[Scraped caption text data]
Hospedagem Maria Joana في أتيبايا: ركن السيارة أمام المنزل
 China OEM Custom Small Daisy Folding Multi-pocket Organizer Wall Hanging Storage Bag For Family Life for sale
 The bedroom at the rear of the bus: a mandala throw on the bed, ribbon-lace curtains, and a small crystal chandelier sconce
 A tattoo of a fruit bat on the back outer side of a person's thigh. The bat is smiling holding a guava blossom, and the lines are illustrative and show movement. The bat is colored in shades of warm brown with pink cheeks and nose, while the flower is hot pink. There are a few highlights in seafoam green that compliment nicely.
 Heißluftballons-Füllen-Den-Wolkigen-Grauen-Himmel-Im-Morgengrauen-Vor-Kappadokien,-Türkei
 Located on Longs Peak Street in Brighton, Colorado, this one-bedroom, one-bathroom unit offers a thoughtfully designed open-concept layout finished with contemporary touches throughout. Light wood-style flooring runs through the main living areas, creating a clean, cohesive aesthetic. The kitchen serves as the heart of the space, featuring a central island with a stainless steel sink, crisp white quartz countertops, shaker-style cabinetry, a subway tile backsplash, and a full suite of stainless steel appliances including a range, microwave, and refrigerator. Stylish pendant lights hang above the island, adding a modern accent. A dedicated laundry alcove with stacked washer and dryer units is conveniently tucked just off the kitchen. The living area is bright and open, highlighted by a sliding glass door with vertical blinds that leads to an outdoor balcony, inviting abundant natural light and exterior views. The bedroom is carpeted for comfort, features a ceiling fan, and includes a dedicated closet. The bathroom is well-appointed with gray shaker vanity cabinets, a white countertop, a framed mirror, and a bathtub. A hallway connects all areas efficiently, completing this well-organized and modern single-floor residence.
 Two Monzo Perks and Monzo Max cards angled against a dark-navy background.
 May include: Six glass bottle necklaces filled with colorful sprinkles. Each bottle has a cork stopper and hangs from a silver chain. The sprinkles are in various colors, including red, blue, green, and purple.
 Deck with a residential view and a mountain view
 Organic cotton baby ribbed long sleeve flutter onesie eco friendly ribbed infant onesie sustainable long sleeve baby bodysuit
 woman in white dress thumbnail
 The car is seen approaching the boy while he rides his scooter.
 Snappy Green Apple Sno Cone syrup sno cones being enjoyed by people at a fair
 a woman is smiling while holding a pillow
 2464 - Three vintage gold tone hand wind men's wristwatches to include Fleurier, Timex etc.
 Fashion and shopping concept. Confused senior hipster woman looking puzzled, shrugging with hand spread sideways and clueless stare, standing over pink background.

__WHAT IS EXPECTED__
Using the data above, transcribe the lines that run from the line with "May include: Six" to the line with "woman in white dress thumbnail", both ends kept, and output nothing else.

__ANSWER SPACE__
 May include: Six glass bottle necklaces filled with colorful sprinkles. Each bottle has a cork stopper and hangs from a silver chain. The sprinkles are in various colors, including red, blue, green, and purple.
 Deck with a residential view and a mountain view
 Organic cotton baby ribbed long sleeve flutter onesie eco friendly ribbed infant onesie sustainable long sleeve baby bodysuit
 woman in white dress thumbnail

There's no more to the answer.